Murthy's advisory was at odds with a report just a month earlier from the congressionally chartered National Academies of Sciences, Engineering and Medicine. It concluded with "moderate certainty" that "moderate drinking," defined as two drinks a day for men and one for women, "is associated with lower all-cause mortality" than never drinking at all. (https://www.nationalacademies.org/…)

Oversimplified, the National Academies report agreed that alcohol poses risks of two cancers -- breast and colorectal -- but found, with low to moderate certainty, that moderate drinking is better for heart health than not drinking.
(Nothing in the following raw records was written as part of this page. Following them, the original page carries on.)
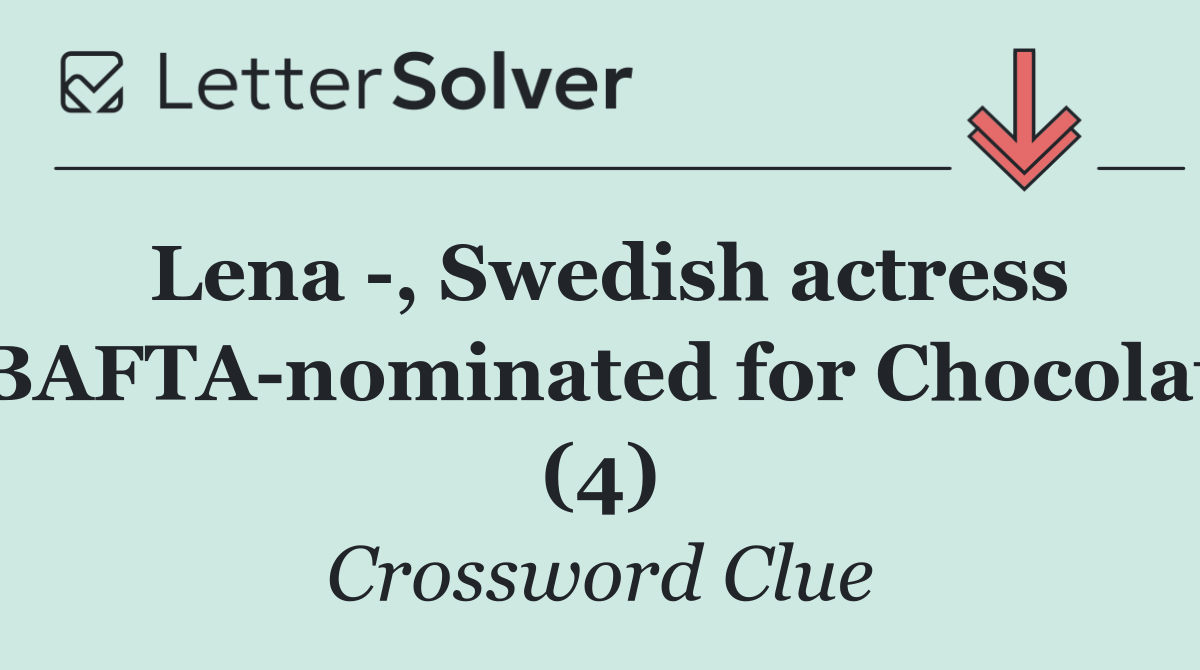 Lena  , Swedish actress BAFTA nominated for Chocolat (4)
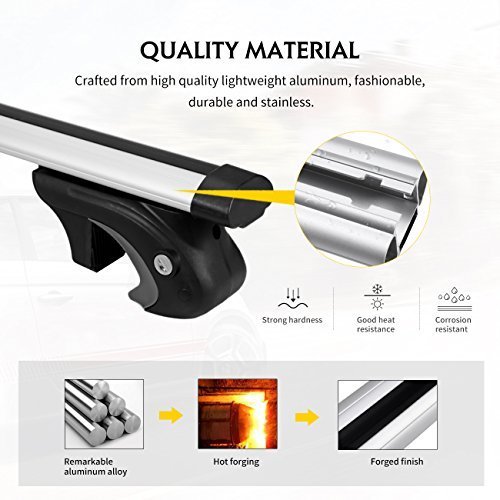 AUXMART 54" Universal Roof Rack Cross Bars Roof Top Aluminum Cargo Rack Crossbar - 68KG/150LBS 2 Pcs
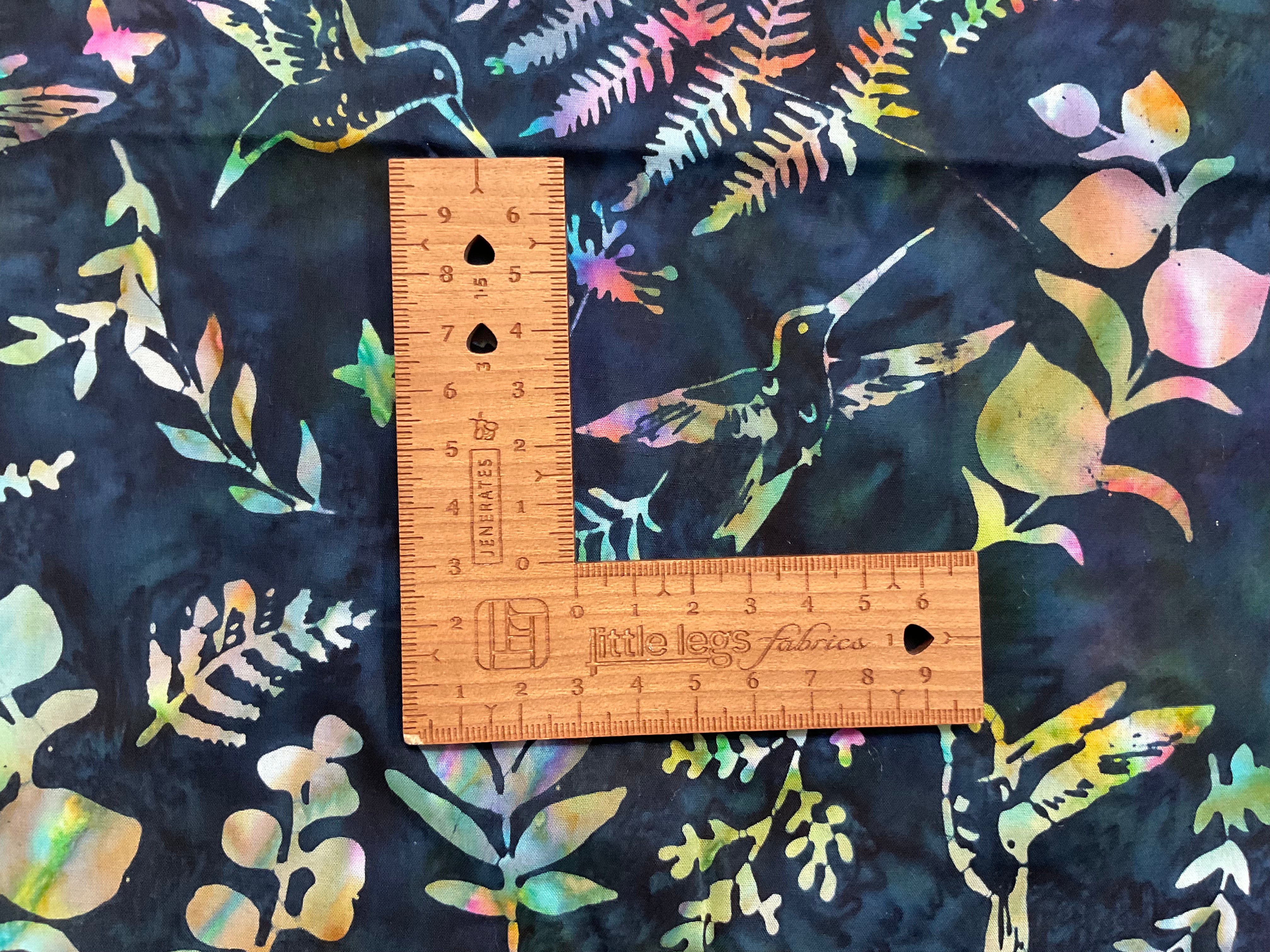 Hummingbirds on Sapphire Cotton Batik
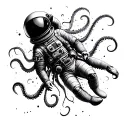 Astronaut floating in space with tentacles breaking through helmet tattoo design idea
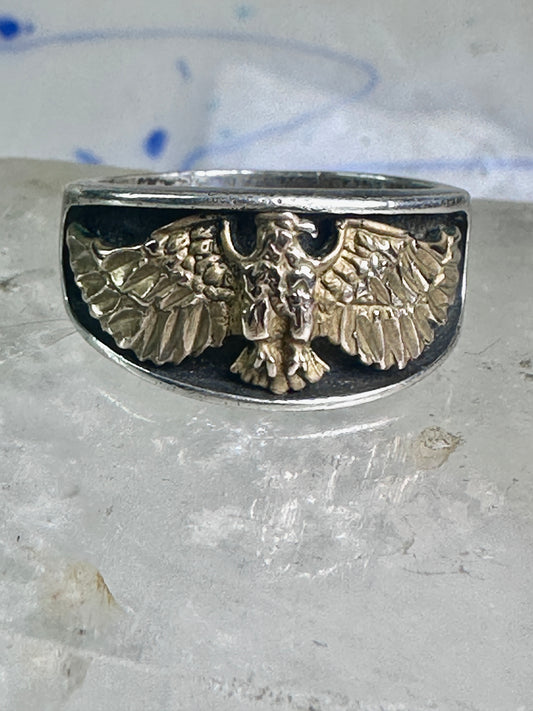 Vintage Navajo Eagle ring Ott band size 9.75 sterling silver women men
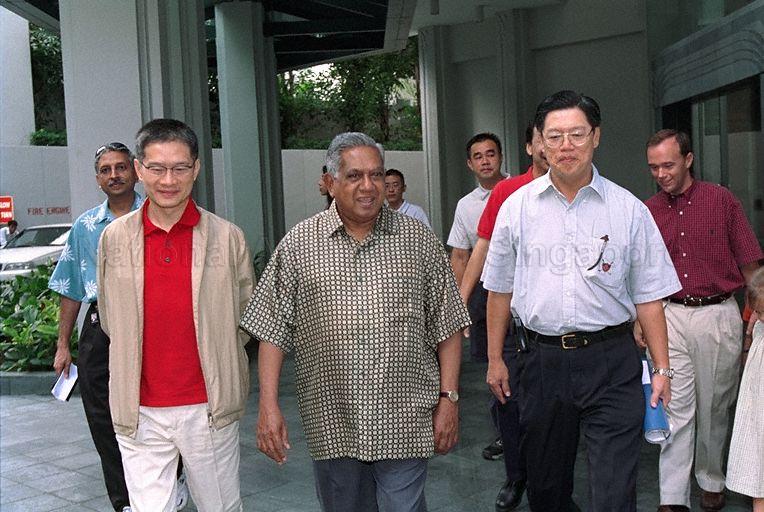 From left, Chairman of Singapore Tourism Board (STB) Edmund Cheng, President S R Nathan and Chief Executive Officer of STB Yeo Khee Leng at Tourism Court, Orchard Spring Lane. The President will be visiting Qian Hu Fish Farm and the Singapore Zoo's latest attraction, Elephants of Asia, during his half-day tour of STB's agro-tourism attractions.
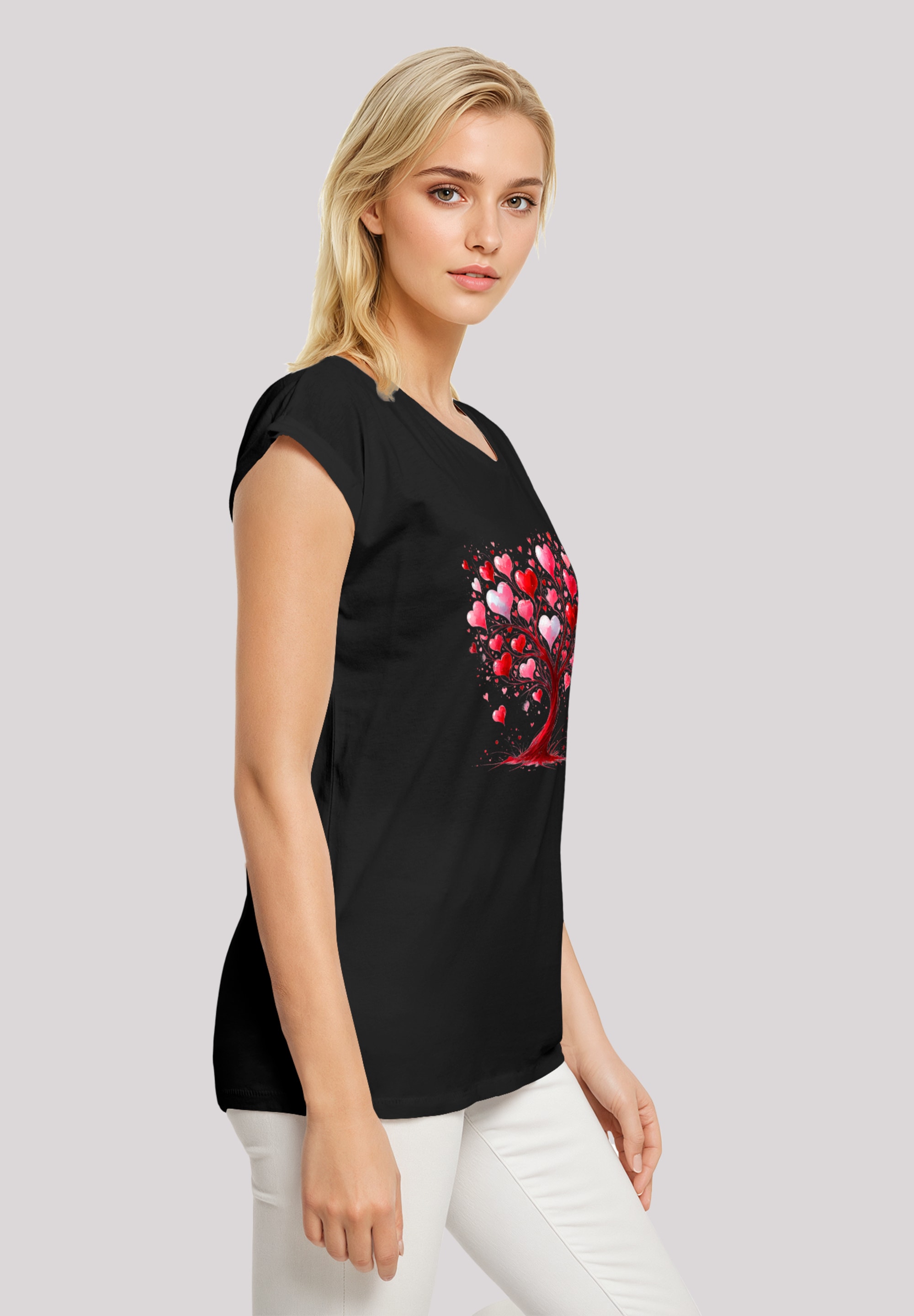 F4NT4STIC T-Shirt »Herz Baum Aquarell Druck«, Premium Qualität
The cardiovascular benefits more than compensate for the cancer risks, yielding lower deaths from "all causes."

Skeptics, though, have doubts about all alcohol studies, pro and con. There are tricky definitional questions, respondents may lie about their consumption and studies don't always capture explanations for health outcomes other than alcohol. An Atlantic article flyspecking a raft of studies found all these problems and more. (https://www.theatlantic.com/…)

Then, too, risk tolerances vary. A scientist the Atlantic quoted said each drink takes five minutes off the drinker's life. Knowing that might turn some into teetotalers but not the Atlantic's writer: "Personally, I find great comfort in it -- even as I suspect it suffers from the same flaws that plague this entire field."

Bottom line: Were the Japanese politician still alive, I'd assure him America has learned its lesson. Yes, Americans will continue to argue about alcohol. We're not, however, giving Prohibition an encore.

You can drink to that now that dry January is over.